So what do you guys think of the James Webb Space Telescope? Any chance we might make a huge discovery with it...

Just use glass mirrors that can roll up into a tube

Glass is a poor choice at low temperatures.

If they can roll up, they are too easily deformable and won't make as sharp or stable of an image.

>the James Webb is late and over budget
>implying that its per-year budget wasn't slashed in the 08 crisis
>implying that that didn't force push the expected launch date from 2011 to 2017 (now 2019)
>implying that the extra delay from 2017 to 2019 wasn't because when Obama took over his new NASA administrator (Charlie Bolden) decided to mandate two new instruments to be added, with no extra budget to support them
>implying that 8 extra years on the ground doesn't mean 8 more years of costs for:
>>storing the parts
>>testing, inspecting, and maintaining the parts
>>paying the salaries of people who are involved with the telescope
>>paying people to stick around as "consultants" even after their job is done in case something goes wrong with a part they worked on
>implying that the scientists involved didn't warn Congress of all of this as they cut the per-year budget
>implying that all of these extra expenses don't overwhelmingly go to private contractors that lobbied for the extensions
>implying that this isn't the only example of a NASA mission going over budget since the 90s
>implying that James Webb isn't turning over in his grave because the administration he built into an efficient powerhouse that brought us to the moon is getting strangled by bureaucracy, trickle-down corruption, and cronyism, all under his name

>invoking the name of Satan (Elon Musk) as a solution
>implying that using private contractors is ever a good idea for space exploration

NASA employees are government employees that will just sit on their asses all day
Having private contractors bid for contracts introduces competition that keeps down prices
Are you a fukkin commie or something?

>implying that the extra delay from 2017 to 2019 wasn't because when Obama took over his new NASA administrator (Charlie Bolden) decided to mandate two new instruments to be added, with no extra budget to support them

That's completely untrue. JWST has always had 4 instruments. The only change was the Candian TFI changing to NIRISS due to technical problems with the tunable filter etalon. Source:

www.jwst.nasa.gov/resources/JWST_SSR_JPG.pdf

A paper from 2006 showing all 4 instruments.

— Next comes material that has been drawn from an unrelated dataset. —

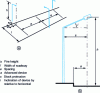 Figure 4 - Street lighting installation parameters
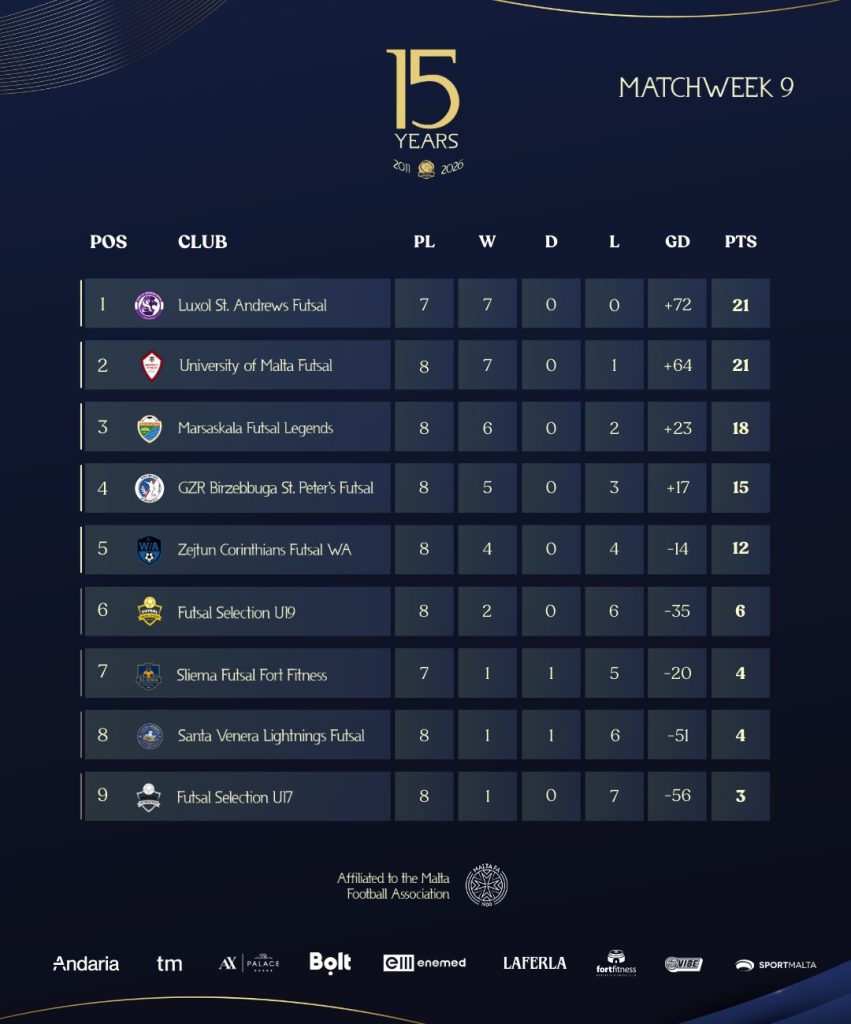 Important Week Brings Major Changes In Maltese Futsal Standings | Maltasport.mt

NASA employees tend not to be NASA employees for the government paycheck and benefits
They tend to be there because they love space and are passionate about it
They're not just underqualified normies sucking off the system, these are qualified scientists and engineers working their dream job

Competition and the free market only work in the limit of many suppliers and many demanders
If you have a single customer and 2-4 suppliers, the free market breaks down
Especially when the single customer is the government / Congress, which doesn't care about quality or price or getting a good deal, they just want it to be flashy and look good so they can campaign on it and get reelected, or the bribes/kickbacks they've gotten in return

Would you rather have space exploration be guided by scientists and engineers who are passionate and want to find/build/discover cool shit?
Or would you rather it be guided by CEOs, shareholders, boardmembers, and the congressmen they've bribed?

IMO the public and private sectors should never be mixed. Capitalism and Government tangle each other up and everyone is worse off in the end.

>It is currently built, tho. They finished testing it in a big vacuum chamber recently.

That's just the instrument. The telescope needs to be integrated with the spacecraft bus, which features guidance, control, and the sun shield that keeps the optics cool.

These are detectors.
Yes there are and always have been four detectors.
Yes, detectors are usually called instruments, so I probably misspoke
It would perhaps be more accurate to say that there were two new "features" added
One was a coronagraph added to the optics assembly.
the other was an improvement to the cryosystem
both of these, tbf, improved the final telescope

Those are instruments, that is the term in astronomy.

jwst.stsci.edu/instrumentation

Detectors are parts of the the focal planes. The instrument is the whole package.

>One was a coronagraph added to the optics assembly.

The NIRCam coronograph predates Obama.

trs.jpl.nasa.gov/handle/2014/41211

>the other was an improvement to the cryosystem

And the change in the MIRI cooling also predates Obama.